¿Homofobia?
NOS advertía Lionel Jospin, ex primer ministro francés, que se ha impuesto una nueva tentación biempensante que tacha de homófobos a quienes se declaran reticentes o contrarios al llamado matrimonio homosexual; el político socialista, tras rebelarse contra esta identificación marrullera, exponía las razones que lo impulsaban a combatir un dislate jurídico que, a su juicio, quebraba el sentido de una institución sobre la que se asienta la continuación de la sociedad. Algunos de mis escritores más venerados, desde Marcel Proust a Truman Capote, fueron homosexuales; también he disfrutado de la amistad de homosexuales notorios, como el llorado Terenci Moix. La frecuentación de tantos homosexuales admirables, en quienes he podido apreciar el genio artístico, el ímpetu generoso y una sensibilidad siempre en vilo, me ha enseñado que la homofobia es pasión ínfima, propia de gentes energúmenas e ignaras.
Llevo muchos años reclamando en mis artículos un reconocimiento legal de las relaciones afectivas que se entablan entre homosexuales. Desde el respeto a las preferencias amorosas de los individuos, considero inaceptable que una convivencia entre personas del mismo sexo, sostenida a lo largo del tiempo y con intereses comunes, no genere efectos jurídicos. Pero la extensión de derechos a las parejas homosexuales no justifica la eliminación de diferencias. La institución matrimonial se funda sobre la dualidad se sexos, requisito indispensable para la continuación de la sociedad. El matrimonio no es un mero contrato civil de convivencia, ni la mera sanción de un vínculo amoroso, ni un mero artefacto que garantice la seguridad patrimonial de los cónyuges. El matrimonio se establece con la finalidad de la procreación, que se completa con un posterior deber de crianza y educación de los hijos; puesto que el Derecho considera primordial este hecho para el mantenimiento de la sociedad, es natural que recompense a quienes asumen tan difícil encomienda con una serie de ventajas patrimoniales que se extienden a su descendencia. Esta es la esencia de la institución civil; las religiones le han incorporado luego otros elementos -indisolubilidad del vínculo, etcétera- que uno puede libremente asumir, en consonancia con sus convicciones personales.

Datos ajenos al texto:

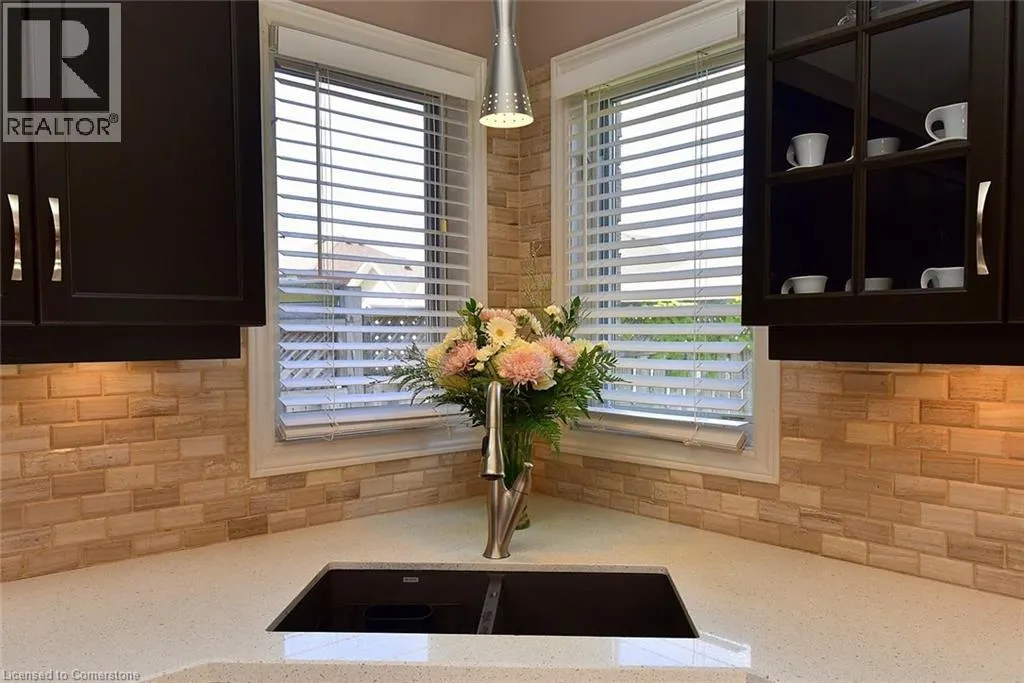 210 CLAUDETTE Gate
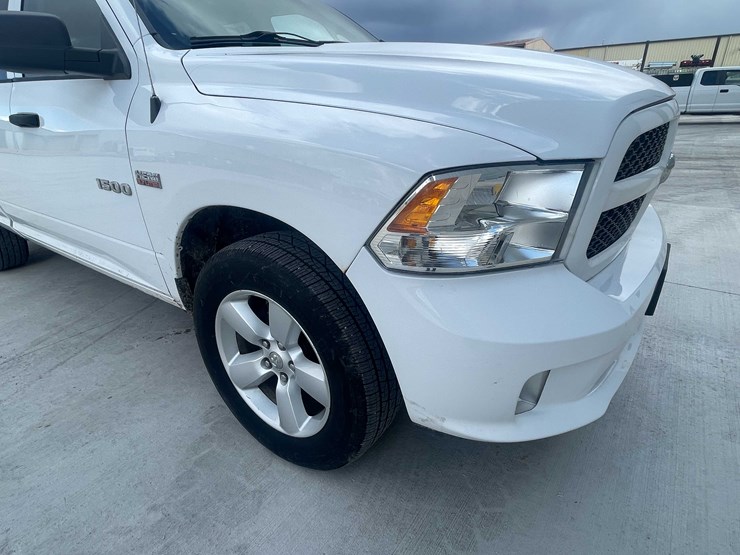 2017-dodge-1500-image-12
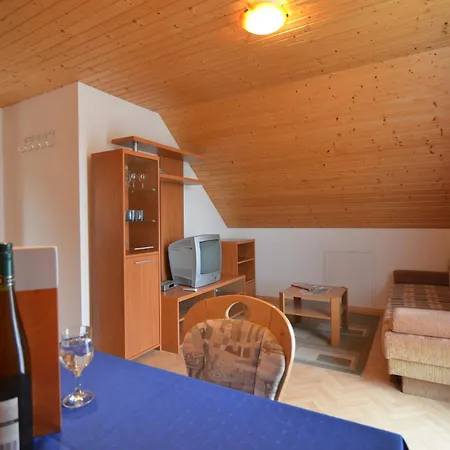 Ferienhaus House Full Of Charm With Garden 10min From The Pointe Du Raz *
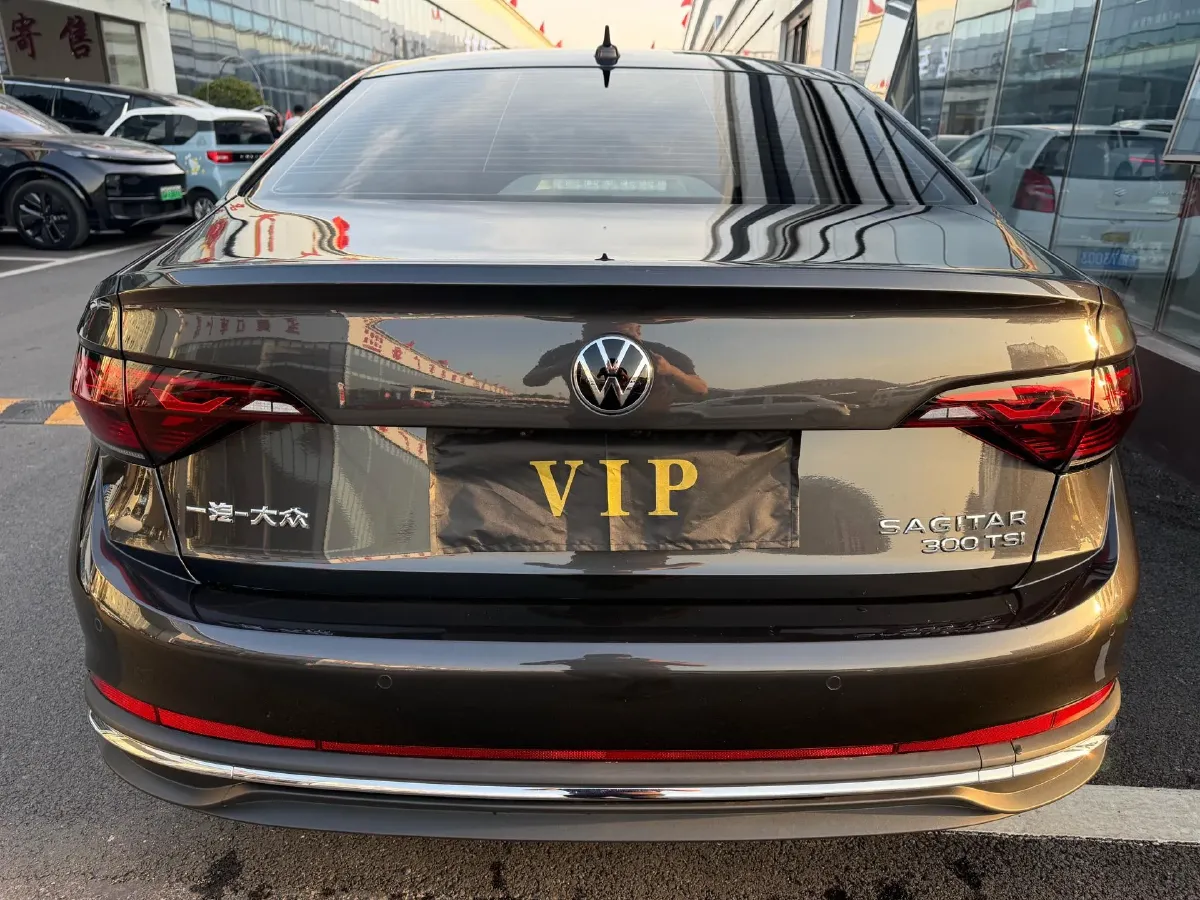 2025 Volkswagen Sagitar 1.5T 160HP L4 7DCT,autocango,china used car exporter,china ev exporter,chinese used car exporter,chinese used ev exporter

Pero la interferencia del factor religioso no debe distraernos de la esencia de la institución civil. Esencia que las uniones homosexuales nunca podrán incorporar, puesto que les falta el requisito indispensable de la dualidad de sexos. Esencia que se trata de suplir, pisoteando el derecho fundamental del niño a una filiación completa, concediéndose a las parejas homosexuales la facultad de adoptar. El matrimonio no institucionaliza las preferencias sexuales de los contrayentes, sino su idoneidad complementaria para transmitir vida.

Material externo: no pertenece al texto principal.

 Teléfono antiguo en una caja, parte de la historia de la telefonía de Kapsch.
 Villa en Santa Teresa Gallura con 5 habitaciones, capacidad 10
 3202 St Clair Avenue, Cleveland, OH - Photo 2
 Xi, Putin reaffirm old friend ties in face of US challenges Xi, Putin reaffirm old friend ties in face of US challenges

Afirmar esta verdad de Perogrullo no nos convierte en homófobos, sino en simples vindicadores del sentido común y de la naturaleza verdadera de las instituciones jurídicas. La reforma legal impulsada por el Gobierno interpreta torticeramente un precepto constitucional en el que se alude de forma evidente a la dualidad sexual. La aritmética parlamentaria no legitima el fraude de ley; las reclamaciones justas de los homosexuales no pueden satisfacerse mediante la destrucción de las instituciones jurídicas. Quizá no sea una manifestación callejera el ámbito idóneo para una reivindicación de esta índole, por el riesgo de que en ella confluyen intereses heterogéneos y espurios; pero esta manifestación nunca se habría celebrado si se hubiese facilitado el debate de ideas. Un debate que el Gobierno ha preferido soslayar, con una descarada intención electorera.